Schwäbische Zeitung (Biberach)
Streit über die Finanzierung der Rente
Forscher nennen Pläne der Koalition „unbezahlbar“– Arbeitsminister Heil wehrt sich
BERLIN - Das Rentenniveau nicht unter 48 Prozent fallen zu lassen, ist ein zentrales Versprechen der Großen Koalition. Nun jedoch warnen Wissenschaftler des Münchner MaxPlanck-Instituts, dass dies mittelfristig „unbezahlbar“sei. „Ich gehe nicht davon aus, dass diese Politik der doppelten Haltelinien durchgesetzt werden kann“, sagte Axel Börsch-Supan, einer der Studienautoren, am Dienstag in Berlin. „Langfristig ist es nicht tragbar, weil das Steuerplus zu hoch wäre“, erklärte Börsch-Supan, der auch Mitglied des Wissenschaftlichen Beirats beim Bundeswirtschaftsministerium ist. Aufgrund der demografischen Entwicklung könne das Rentensystem nicht starr sein.
Die sogenannten Haltelinien beim Rentenniveau, dem Verhältnis von Rente zum Lohn, und beim Beitragssatz wurden auf Druck der SPD in den Koalitionsvertrag aufgenommen. Das Konzept stammt im Grundsatz von der damaligen Arbeitsministerin Andrea Nahles. Nahles, heute Parteichefin, bezeichnete die Pläne als finanzierbar.

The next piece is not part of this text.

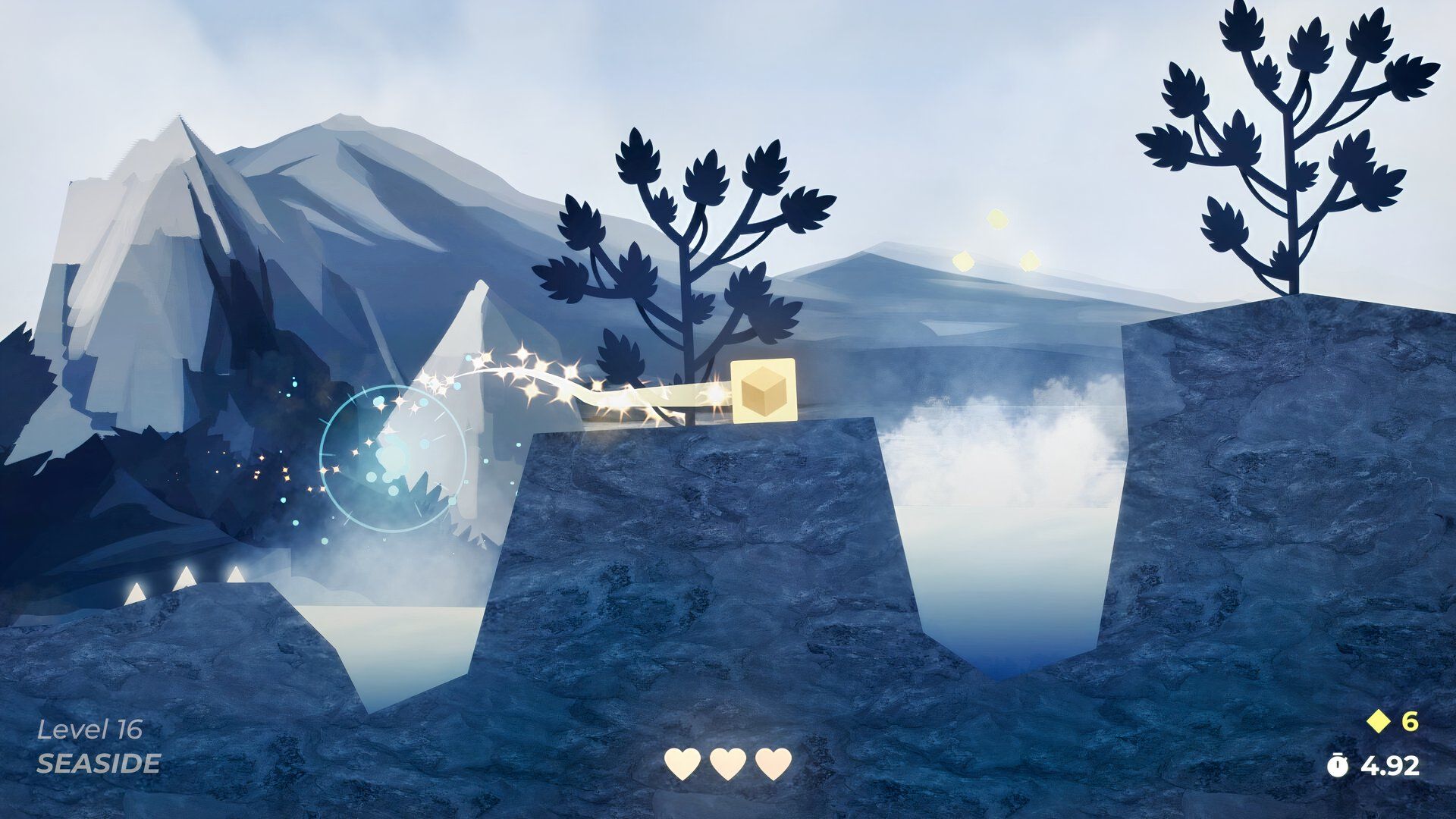 steam-jump-adventures-gameplay-2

Vor einer SPD-Fraktionssitzung erklärte sie nun: „Eine sichere Rente, die Stabilisierung des Rentenniveaus, ist nicht zum Nulltarif zu haben.“Bundesarbeitsminister Hubertus Heil (SPD) kritisierte die Berechnungen scharf. „Die genannten Zahlen stehen im luftleeren Raum und dienen dazu, Versicherte und Rentner gleichermaßen zu verunsichern“, sagte ein Sprecher Heils am Dienstag.
Jedoch droht offenbar auch innerhalb der Großen Koalition Streit über die Finanzierung. Die im Koalitionsvertrag vereinbarten Rentenleistungen könnten nicht aus dem Bundeshaushalt über Steuermittel finanziert werden, sagte etwa Eckardt Rehberg (CDU), der haushaltspolitische Sprecher der Unionsfraktion, zur „Schwäbischen Zeitung“.
Noch drastischer äußerte sich die Opposition. Michael Theurer, der Chef der Südwest-FDP, warf der Regierung „Spendierhosenpolitik“vor und warnte vor einer „gewaltigen Gerechtigkeitslücke zu Lasten der jüngeren Generation“.